Further information: Global warming, Climate change, and Climate change denial

Attribution of recent climate change is the effort to scientifically ascertain mechanisms responsible for relatively recent changes observed in the Earth's climate. The effort has focused on changes observed during the period of instrumental temperature record, when records are most reliable; particularly on the last 50 years, when human activity has grown fastest and observations of the upper atmosphere have become available. The dominant mechanisms to which recent climate change has been attributed all result from human activity.

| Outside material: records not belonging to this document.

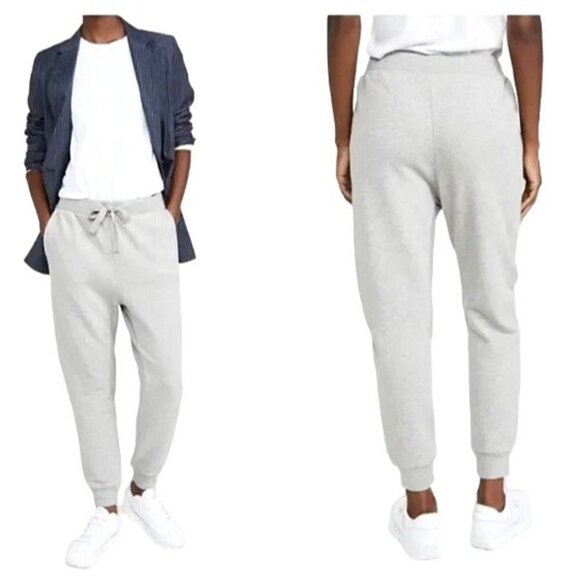 Frame Gray Distressed Organic Pima Cotton Elastic Tie Waist Jogger Pants Size XS - Picture 1 of 13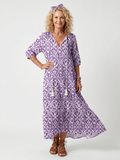 Irène | Robe Midi Imprimée à Lanières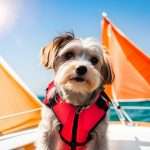 A cute dog wearing a red vet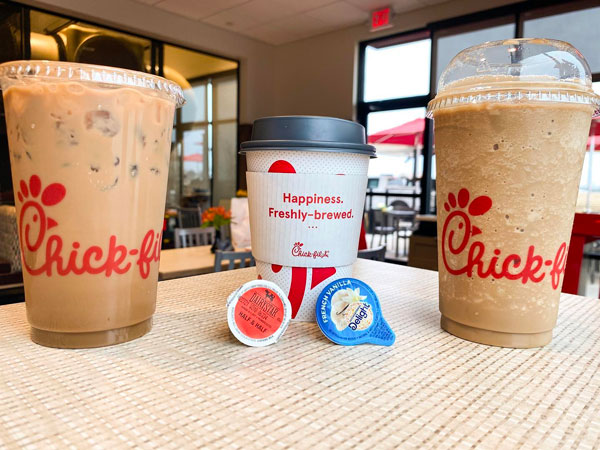 Chick-fil-A hot coffee iced coffee and frosted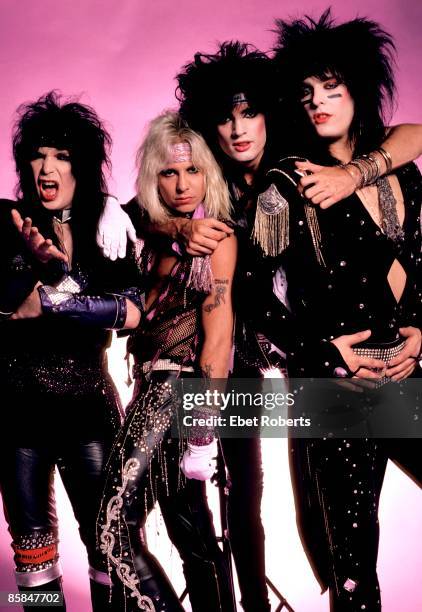 Motley Crue photographed backstage at the New Haven Coliseum in New Haven, Connecticut on August 2, 1985. L -R: Mick Mars, Vince Neil, Tommy Lee,...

They are:[1]

    * increasing atmospheric concentrations of greenhouse gases
    * global changes to land surface, such as deforestation
    * increasing atmospheric concentrations of aerosols.

Attribution of recent change to anthropogenic forcing is based on the following facts:

    * The observed change is not consistent with natural variability.
    * Known natural forcings would, if anything, be negative over this period.
    * Known anthropogenic forcings are consistent with the observed response.
    * The pattern of the observed change is consistent with the anthropogenic forcing.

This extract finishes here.